┌────────

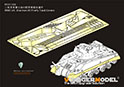 WWII UK Sherman VC Firefly Track Covers(For R.F.M 5038)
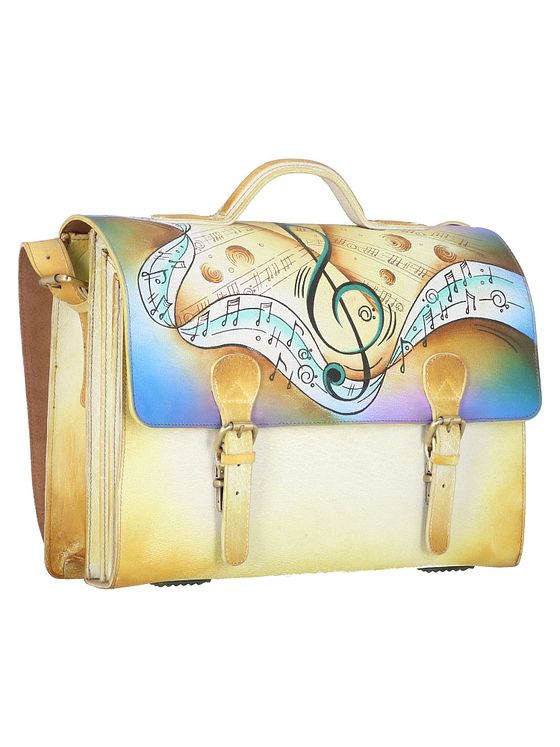 Greenland Nature Art+Craft dokumentmappe læder 41 cm rum til bærbar computer Greenland Nature Art+Craft dokumentmappe læder 41 cm rum til bærbar computer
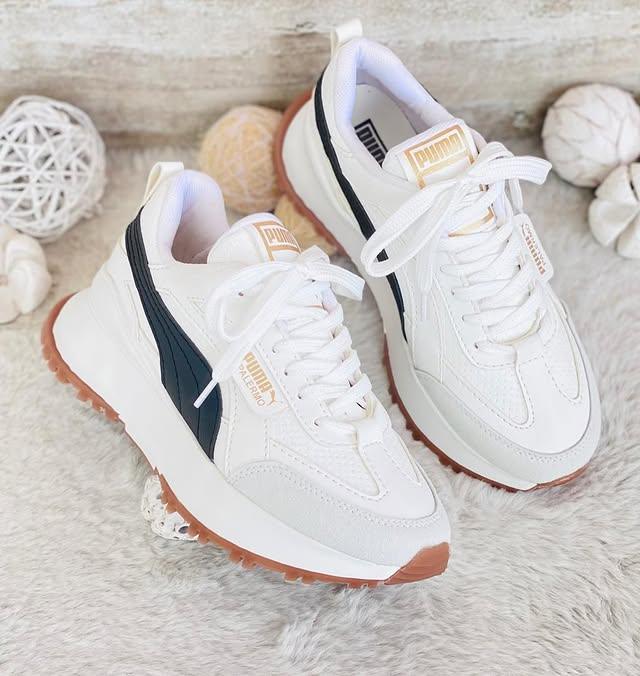 Tenis Puma Dama 🌟 – Estilo Deportivo que Enamora y Rinde al Máximo! - LA MISS ELEGANCE - Calzado - calzado, Tenis casuales femeninos, Tenis de moda, Tenis Deportivo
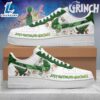 Grinch Just Waiting For Grinchmas 2024 Ew People Air Force 1 Shoes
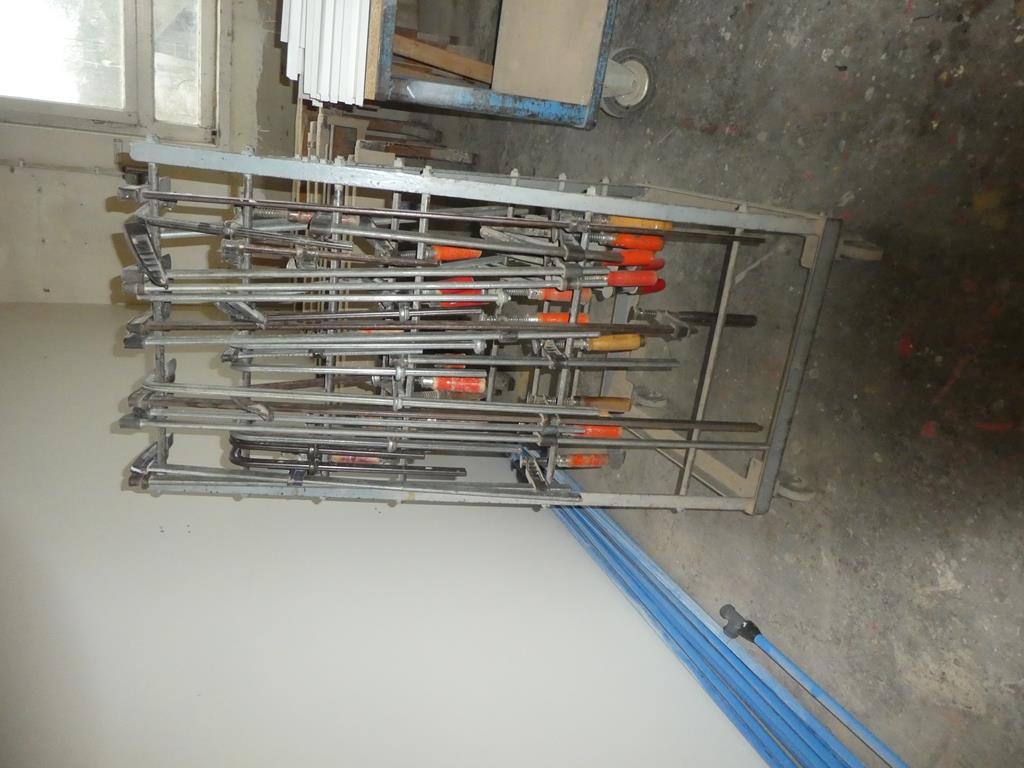 gepflegte Maschine aus dem Bereich Möbelbau-3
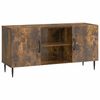 vidaXL Mueble de TV Roble Ahumado 102 x 34,5 x 50 cm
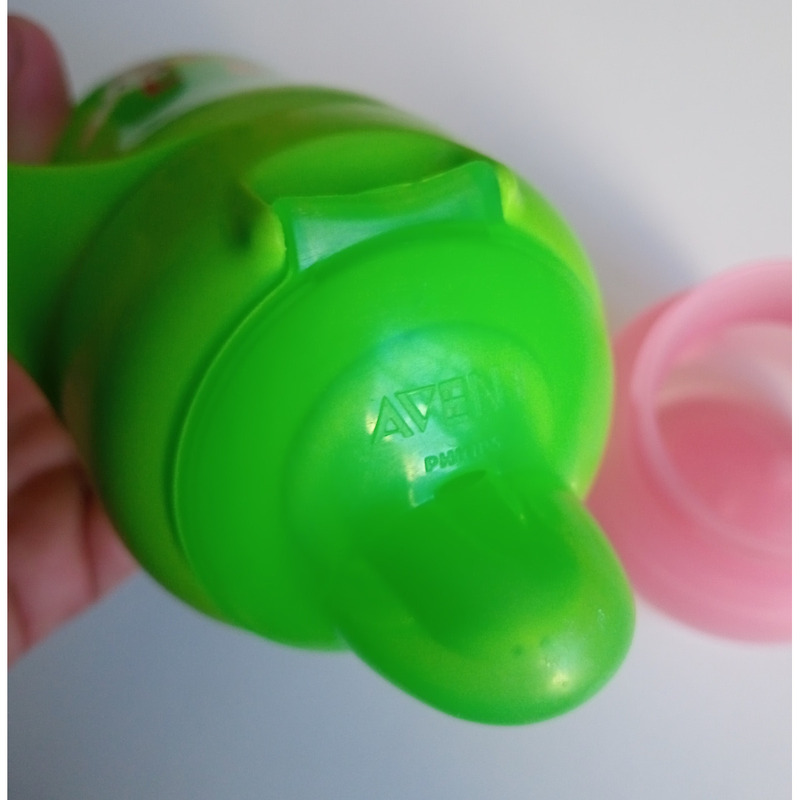 Lote 2 vasos de aprendizaje AVENT intercambiables - usados sin detalles - 3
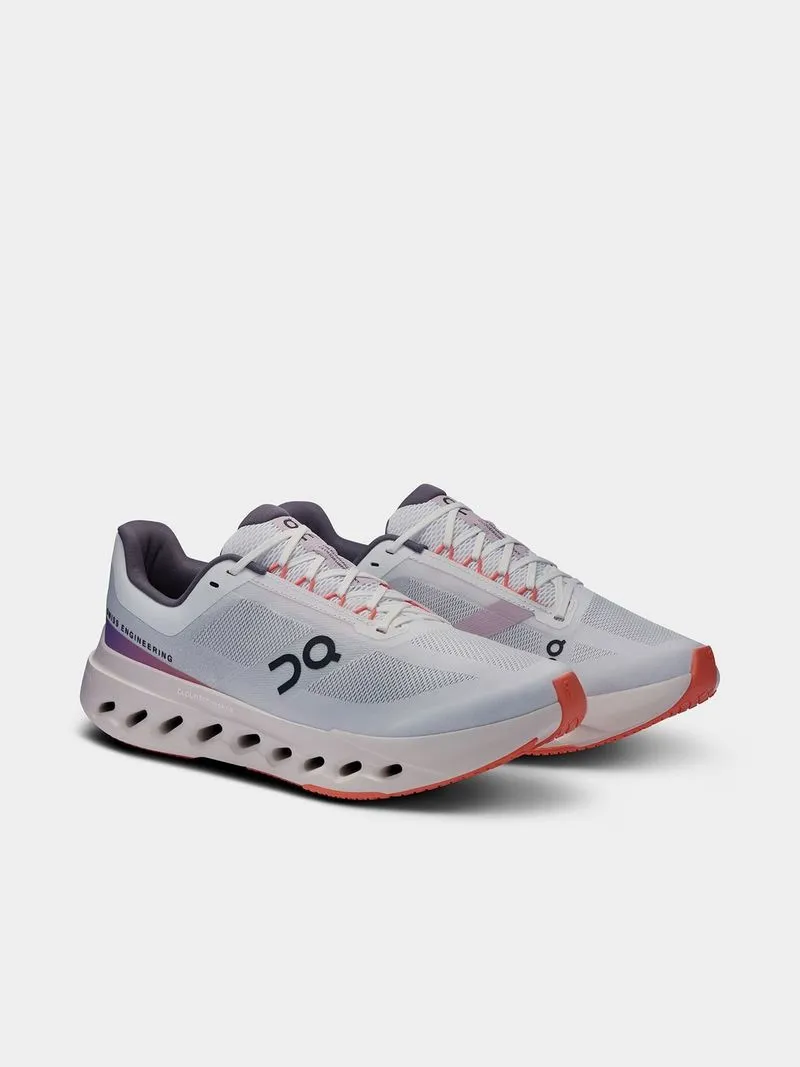 Mens On Running Cloudsurfer Next White/Orange Running Shoes
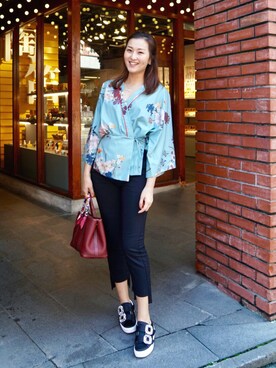 刘妍琳Adaさんのコーディネート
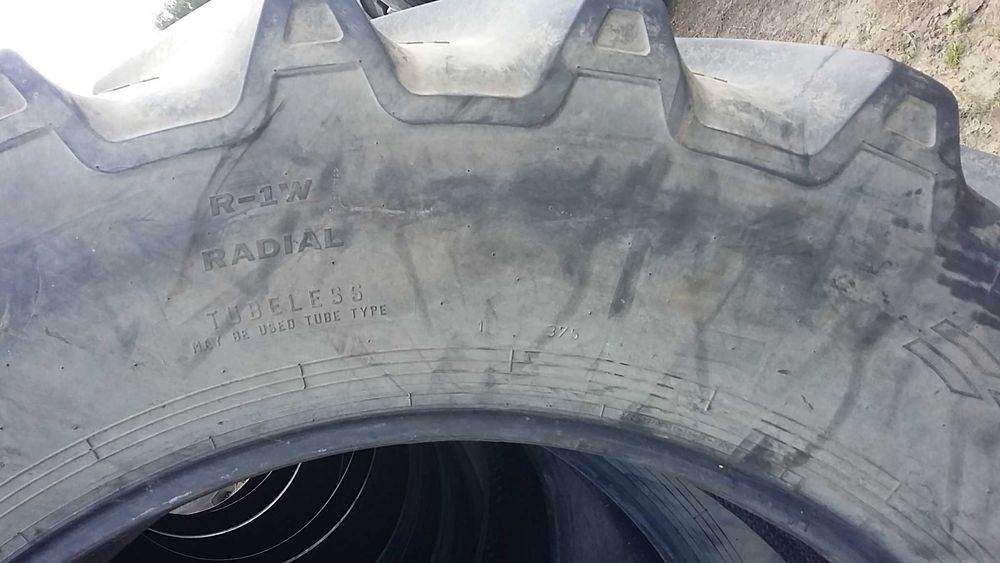 Opona 520/85R46 Alliance Agri-Star jak nowa bieżnik 95% opony 20.8R46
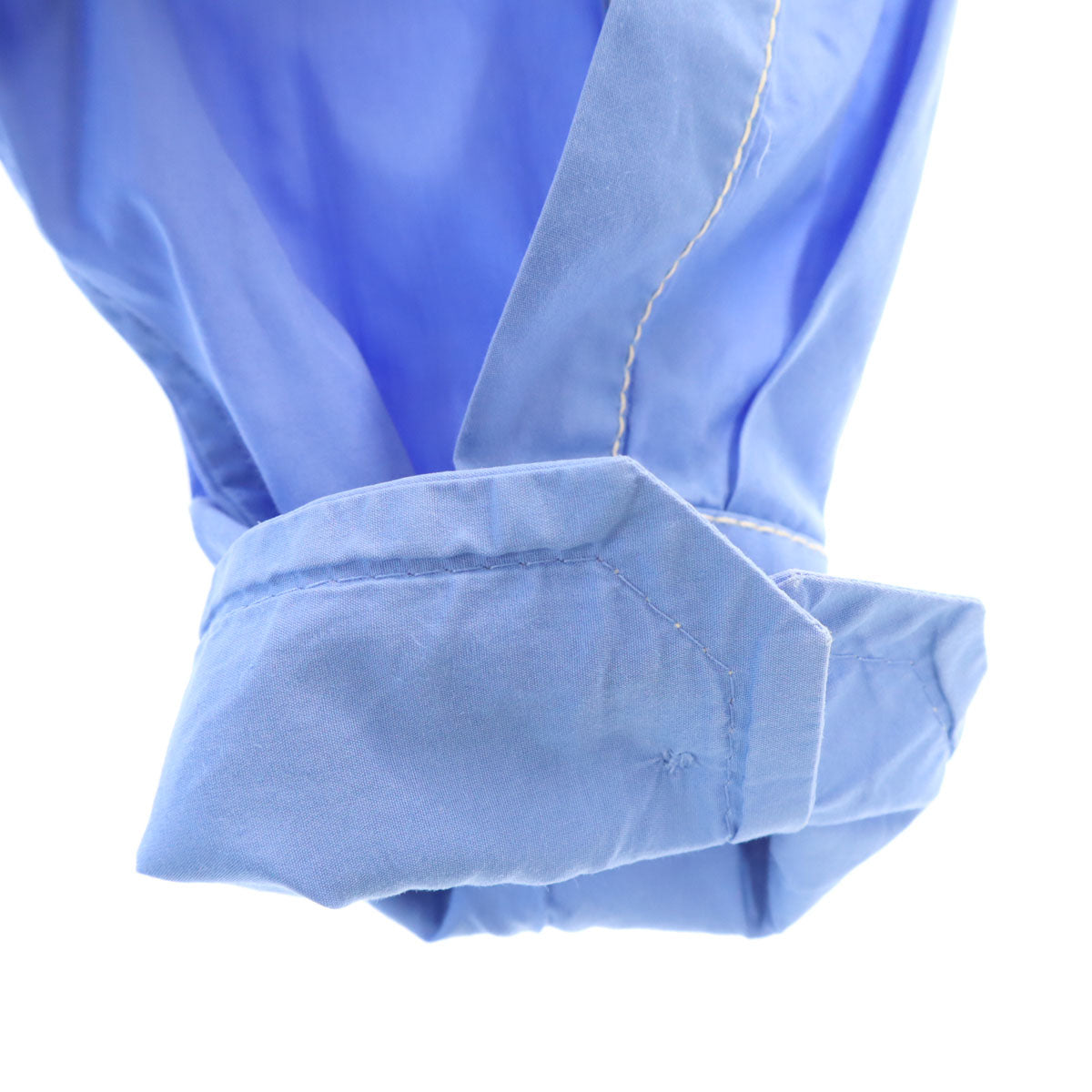 PRADA プラダ 長袖 シャツ 42 青紫系 メンズ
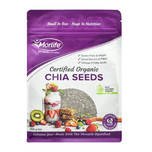 Morlife Chia Seeds (Certified Organic), 500g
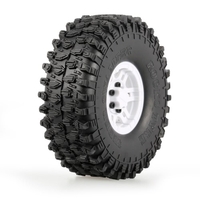 4Pcs AUSTAR AX-5020C 1.9 Inch 120mm Tires with Hub for 1/10 Traxxas Redcat SCX10 AXIAL RC4WD TF2 Rock Crawler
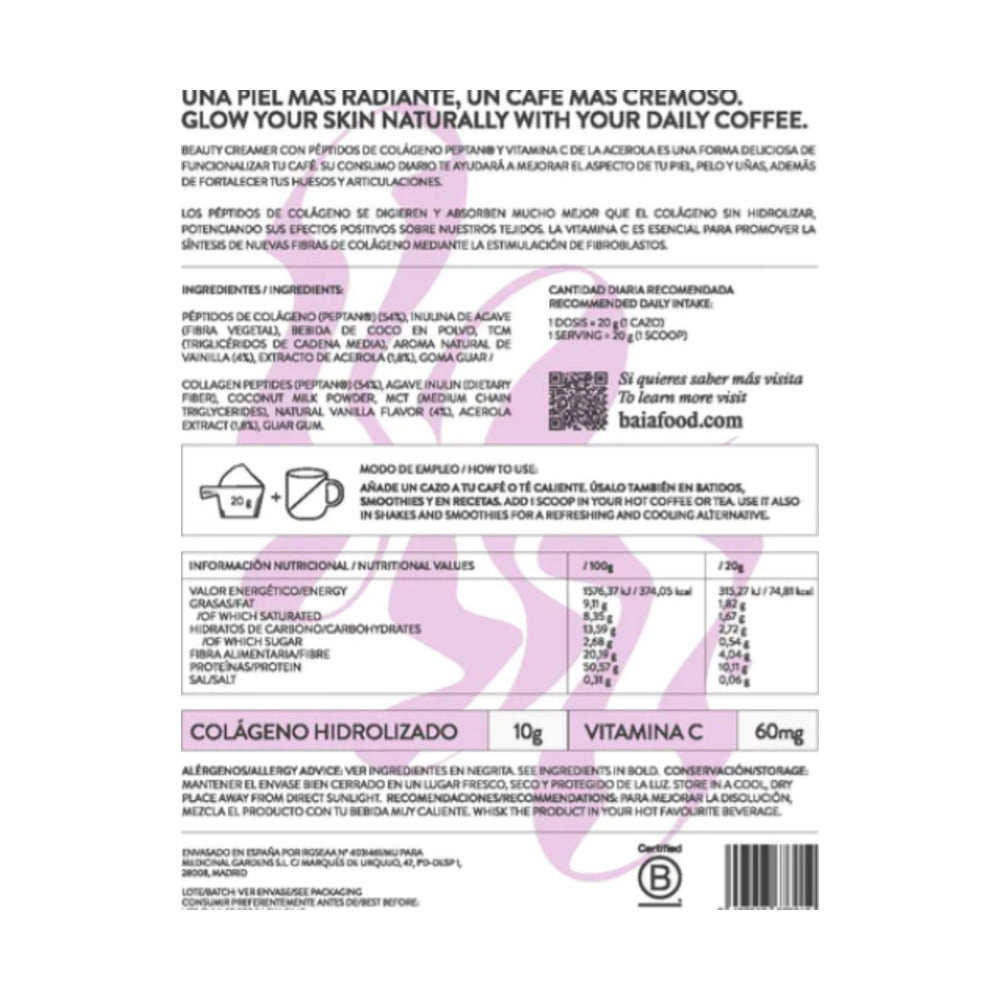 BAIA BEAUTY CREAMER 300 GR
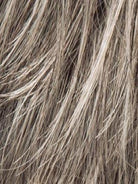 STONE-GREY-R | Blend of Medium Brown Silver Grey and white with Dark Roots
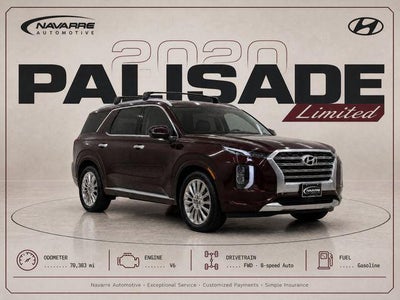 2020 Hyundai Palisade Limited 4DR SUV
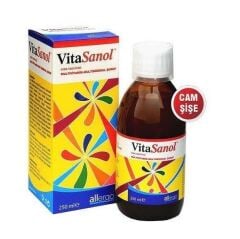 Vitasanol Multivitamin Şurup 250Ml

└────────

- **ABOUT THIS EXERCISE**:
Nothing but the lines from the top of the data above through the line containing "bærbar computer Greenland" should be output, exactly as written and without the pictures.

- **ANSWER BELOW**:
 WWII UK Sherman VC Firefly Track Covers(For R.F.M 5038)
 Greenland Nature Art+Craft dokumentmappe læder 41 cm rum til bærbar computer Greenland Nature Art+Craft dokumentmappe læder 41 cm rum til bærbar computer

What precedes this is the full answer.